Insight: The data shows how much garages have become expected over time. New homes (built in the last 20 years) almost never have zero or just one car garage—there’s less than 1% chance of finding that. Everyone expects at least a 2-car garage now, and 3-car garages are pretty common. But old homes (60+ years) rarely have 3-car garages because back then, most families only had one car, so big garages weren’t needed. The weirdest combination is homes from the 1990s-2000s with 4-car garages—only 0.07% probability. Even during the building boom, 4-car garages were still just for really big custom houses.

Testable Hypothesis: Recent homes (0-10 years) with no garage or 1-car garage are priced significantly below their age cohort average, indicating garage capacity is now a critical value driver. We can test this by comparing price-per-square-foot across garage categories within recent construction.

# Stacked bar chart showing distribution
group3_df_viz <- group3_df |>
  filter(!is.na(Garage.Cars)) |>
  mutate(Garage_Label = paste0(Garage.Cars, "-car"))

ggplot(group3_df_viz, aes(x = Age_Category, y = Count, fill = Garage_Label)) +
  geom_col(position = "dodge") +
  geom_text(aes(label = Count), position = position_dodge(width = 0.9),
            vjust = -0.3, size = 3) +
  scale_fill_brewer(palette = "Set2", name = "Garage\nCapacity") +
  labs(title = "Home Age vs. Garage Capacity: Shifting Automotive Culture",
       subtitle = "Newer homes increasingly feature multi-car garages",
       x = "Home Age Category",
       y = "Number of Homes") +
  theme_minimal() +
  theme(axis.text.x = element_text(angle = 45, hjust = 1),
        legend.position = "right")

Part 2: Categorical Variable Combinations Analysis

Combination Analysis: House Style × Roof Style

Research Question: Which architectural combinations exist or don’t exist in Ames, and what does this reveal about architectural constraints and preferences?

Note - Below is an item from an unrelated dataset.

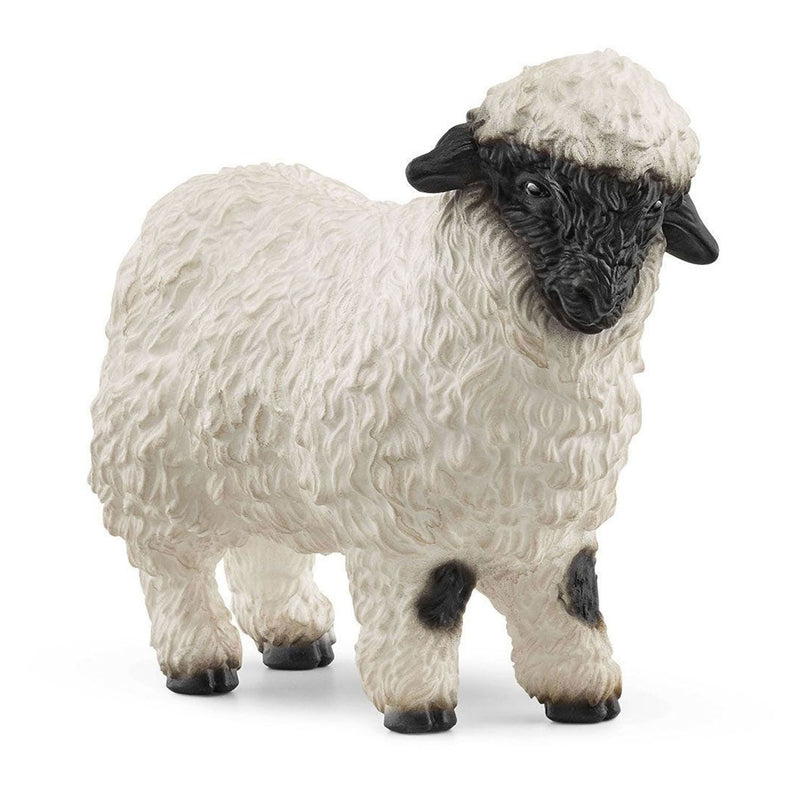 Load image into Gallery viewer, Schleich farm world walliser schwarnaze schaap 13965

# Getting all unique combinations of House Style and Roof Style
actual_combinations <- ames |>
  select(House.Style, Roof.Style) |>
  distinct() |>
  arrange(House.Style, Roof.Style)

# Getting counts for each combination
combination_counts <- ames |>
  group_by(House.Style, Roof.Style) |>
  summarise(Count = n(), .groups = "drop") |>
  arrange(desc(Count))

# Creating all possible combinations
all_house_styles <- unique(ames$House.Style)
all_roof_styles <- unique(ames$Roof.Style)
all_possible <- expand.grid(
  House.Style = all_house_styles,
  Roof.Style = all_roof_styles,
  stringsAsFactors = FALSE
)

# Finding missing combinations
missing_combinations <- all_possible |>
  anti_join(actual_combinations, by = c("House.Style", "Roof.Style"))

cat("=== ARCHITECTURAL COMBINATION ANALYSIS ===\n\n")

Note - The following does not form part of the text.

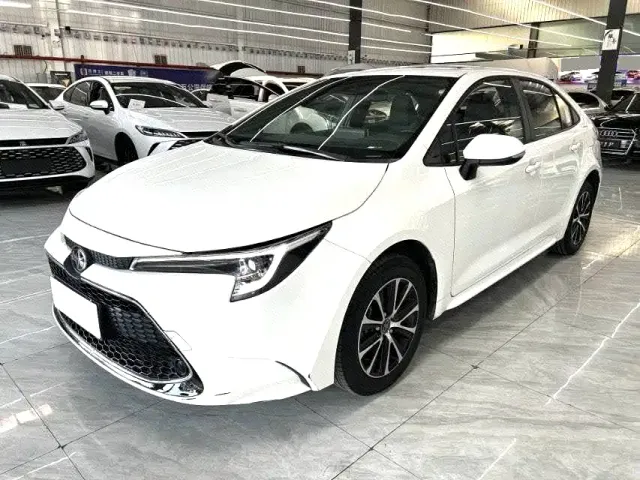 Toyota Levin — Фото автомобиля 2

## === ARCHITECTURAL COMBINATION ANALYSIS ===

cat("Total possible combinations:", nrow(all_possible), "\n")

## Total possible combinations: 48

cat("Actual combinations observed:", nrow(actual_combinations), "\n")

## Actual combinations observed: 28

cat("Missing combinations:", nrow(missing_combinations), "\n\n")

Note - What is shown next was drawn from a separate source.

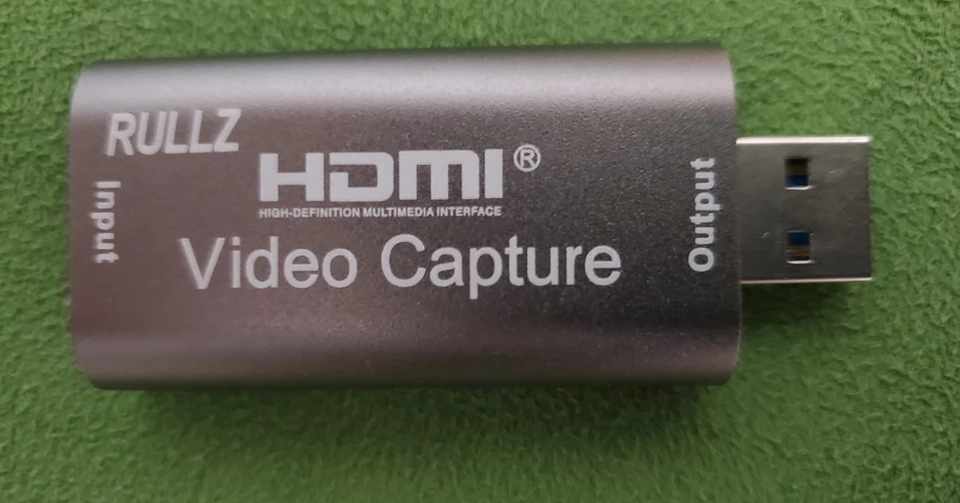1000円のhdmiキャプチャーボードは使えるのか ゆとりん Note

## Missing combinations: 20

if(nrow(missing_combinations) > 0) {
  cat("MISSING COMBINATIONS:\n")
  kable(missing_combinations,
        caption = "House Style × Roof Style Combinations NOT in Dataset")
} else {
  cat("All possible combinations are present in the dataset!\n")
}

## MISSING COMBINATIONS:

House Style × Roof Style Combinations NOT in Dataset
House.Style	Roof.Style
1.5Unf	Hip
1.5Fin	Mansard
SFoyer	Mansard
2.5Unf	Mansard
1.5Unf	Mansard
2.5Fin	Mansard
SFoyer	Gambrel
2.5Unf	Gambrel
1.5Unf	Gambrel
2.5Fin	Gambrel
2Story	Shed
SFoyer	Shed
SLvl	Shed
2.5Unf	Shed
1.5Unf	Shed
2.5Fin	Shed
1.5Fin	Flat
2.5Unf	Flat
1.5Unf	Flat
2.5Fin	Flat

# Analyzing most and least common combinations
cat("\n=== MOST COMMON COMBINATIONS ===\n")

## 
## === MOST COMMON COMBINATIONS ===

kable(head(combination_counts, 10),
      col.names = c("House Style", "Roof Style", "Count"),
      caption = "Top 10 Most Common Architectural Combinations")

Top 10 Most Common Architectural Combinations
House Style	Roof Style	Count
1Story	Gable	1053
2Story	Gable	746
1Story	Hip	407
1.5Fin	Gable	300
2Story	Hip	102
SLvl	Gable	100
SFoyer	Gable	77
SLvl	Hip	24
1.5Unf	Gable	19
2.5Unf	Gable	19

cat("\n=== LEAST COMMON COMBINATIONS ===\n")

## 
## === LEAST COMMON COMBINATIONS ===

least_common <- combination_counts |>
  filter(Count <= 5) |>
  arrange(Count)

kable(least_common,
      col.names = c("House Style", "Roof Style", "Count"),
      caption = "Rarest Architectural Combinations (≤5 homes)")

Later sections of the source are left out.